**RECORDS SHOWN:**
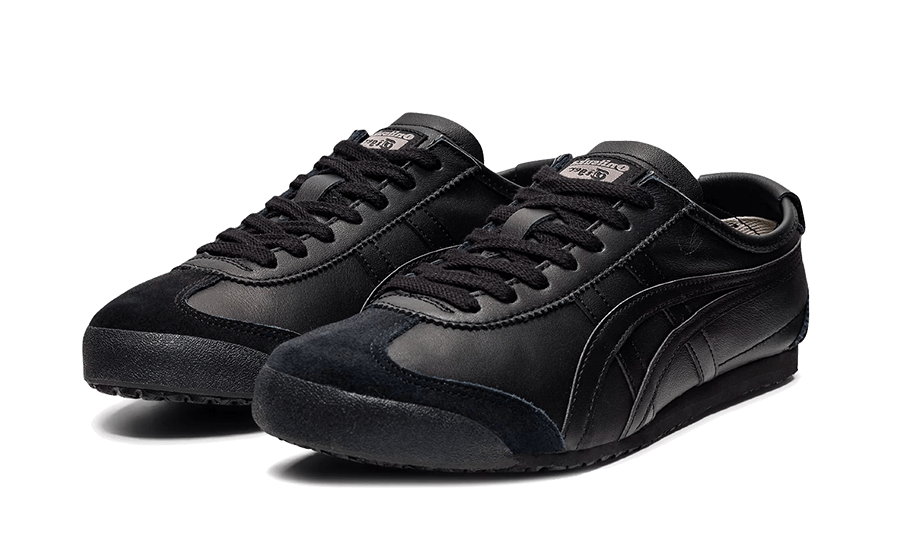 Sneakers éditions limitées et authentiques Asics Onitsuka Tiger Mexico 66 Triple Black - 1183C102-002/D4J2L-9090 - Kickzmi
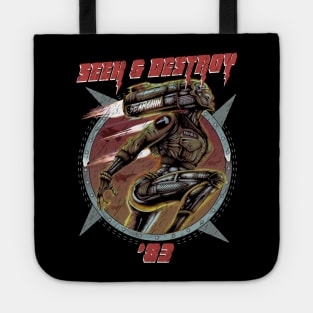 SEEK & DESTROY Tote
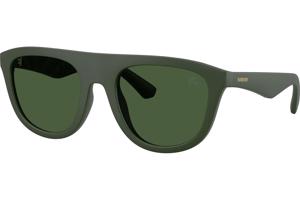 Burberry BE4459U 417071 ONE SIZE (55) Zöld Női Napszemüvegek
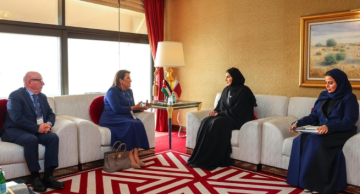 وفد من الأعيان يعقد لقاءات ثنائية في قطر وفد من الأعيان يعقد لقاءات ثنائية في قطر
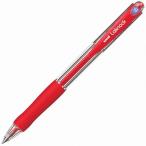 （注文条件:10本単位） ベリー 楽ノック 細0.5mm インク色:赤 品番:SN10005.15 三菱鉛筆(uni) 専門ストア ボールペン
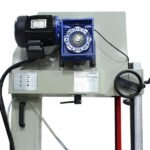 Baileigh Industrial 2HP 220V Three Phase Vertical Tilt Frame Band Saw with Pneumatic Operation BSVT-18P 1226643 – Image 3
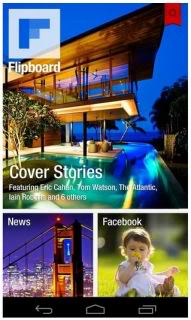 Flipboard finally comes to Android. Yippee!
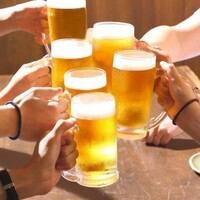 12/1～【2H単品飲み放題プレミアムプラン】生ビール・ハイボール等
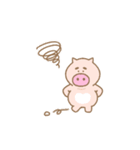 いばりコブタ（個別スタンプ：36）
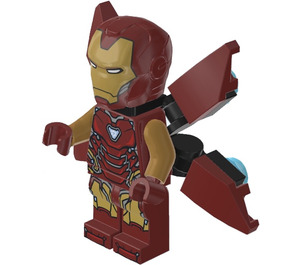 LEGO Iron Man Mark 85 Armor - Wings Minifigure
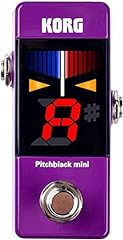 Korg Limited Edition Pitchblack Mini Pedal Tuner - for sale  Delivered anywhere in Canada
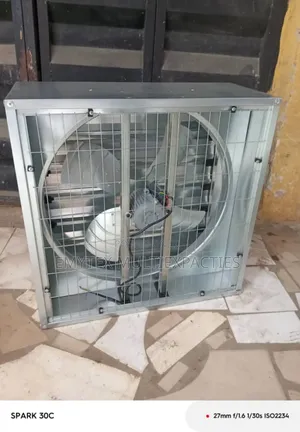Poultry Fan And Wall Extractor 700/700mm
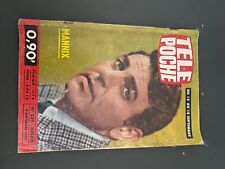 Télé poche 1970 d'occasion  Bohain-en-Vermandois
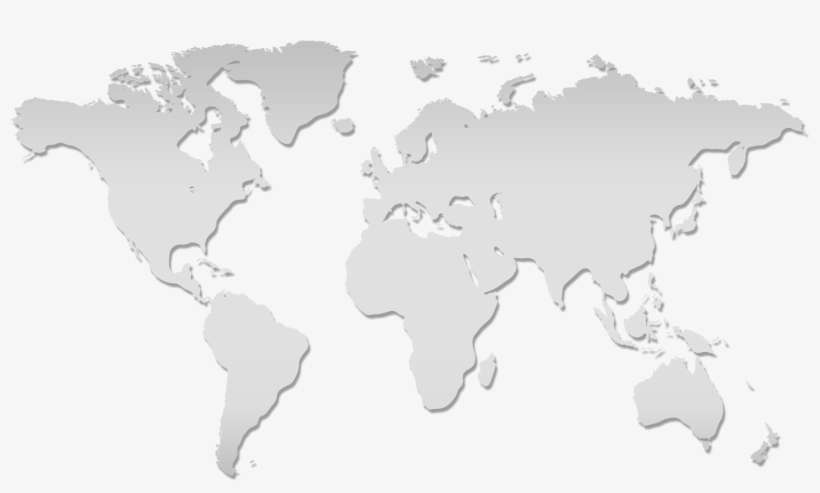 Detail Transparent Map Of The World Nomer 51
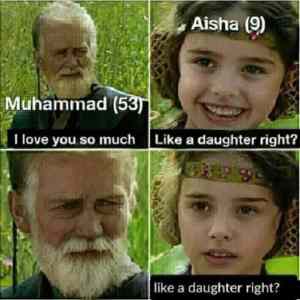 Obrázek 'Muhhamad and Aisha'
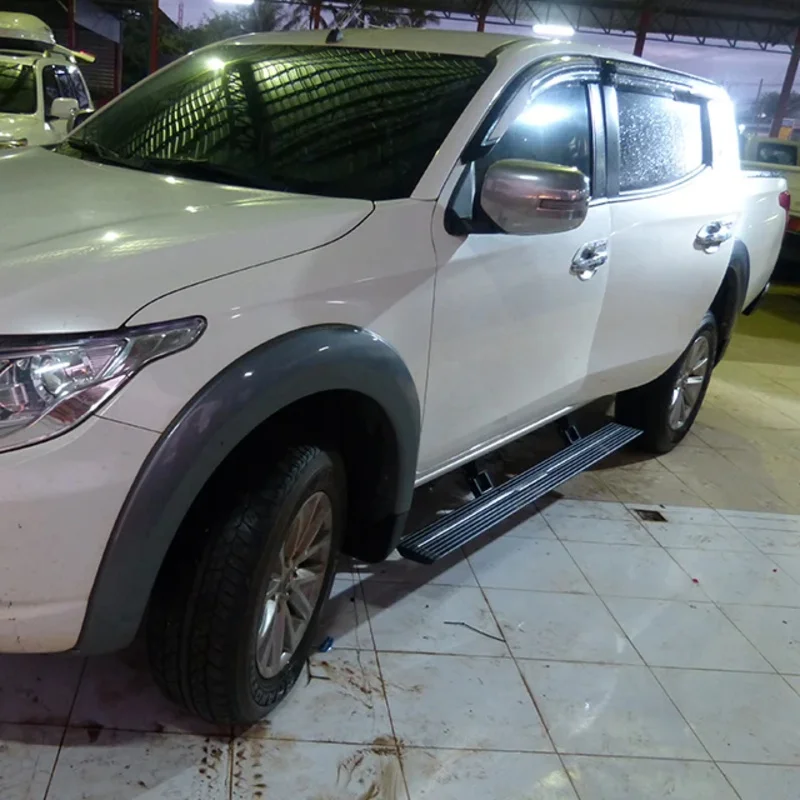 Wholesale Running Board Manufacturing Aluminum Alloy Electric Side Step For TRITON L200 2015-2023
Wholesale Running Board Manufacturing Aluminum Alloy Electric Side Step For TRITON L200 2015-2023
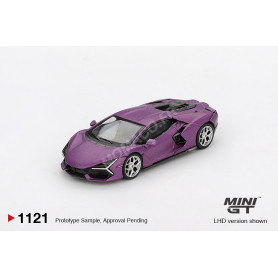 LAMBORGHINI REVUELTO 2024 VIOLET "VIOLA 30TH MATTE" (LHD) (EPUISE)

**DIRECTIONS FOR THIS TASK:**
Output the listing above exactly, excluding all pictures.

**EXERCISE RESPONSE:**
 Sneakers éditions limitées et authentiques Asics Onitsuka Tiger Mexico 66 Triple Black - 1183C102-002/D4J2L-9090 - Kickzmi
 SEEK & DESTROY Tote
 Burberry BE4459U 417071 ONE SIZE (55) Zöld Női Napszemüvegek
 وفد من الأعيان يعقد لقاءات ثنائية في قطر وفد من الأعيان يعقد لقاءات ثنائية في قطر
 （注文条件:10本単位） ベリー 楽ノック 細0.5mm インク色:赤 品番:SN10005.15 三菱鉛筆(uni) 専門ストア ボールペン
 Baileigh Industrial 2HP 220V Three Phase Vertical Tilt Frame Band Saw with Pneumatic Operation BSVT-18P 1226643 – Image 3
 Flipboard finally comes to Android. Yippee!
 12/1～【2H単品飲み放題プレミアムプラン】生ビール・ハイボール等
 いばりコブタ（個別スタンプ：36）
 LEGO Iron Man Mark 85 Armor - Wings Minifigure
 Korg Limited Edition Pitchblack Mini Pedal Tuner - for sale  Delivered anywhere in Canada
Poultry Fan And Wall Extractor 700/700mm
 Télé poche 1970 d'occasion  Bohain-en-Vermandois
 Detail Transparent Map Of The World Nomer 51
 Obrázek 'Muhhamad and Aisha'
 Wholesale Running Board Manufacturing Aluminum Alloy Electric Side Step For TRITON L200 2015-2023
Wholesale Running Board Manufacturing Aluminum Alloy Electric Side Step For TRITON L200 2015-2023
 LAMBORGHINI REVUELTO 2024 VIOLET "VIOLA 30TH MATTE" (LHD) (EPUISE)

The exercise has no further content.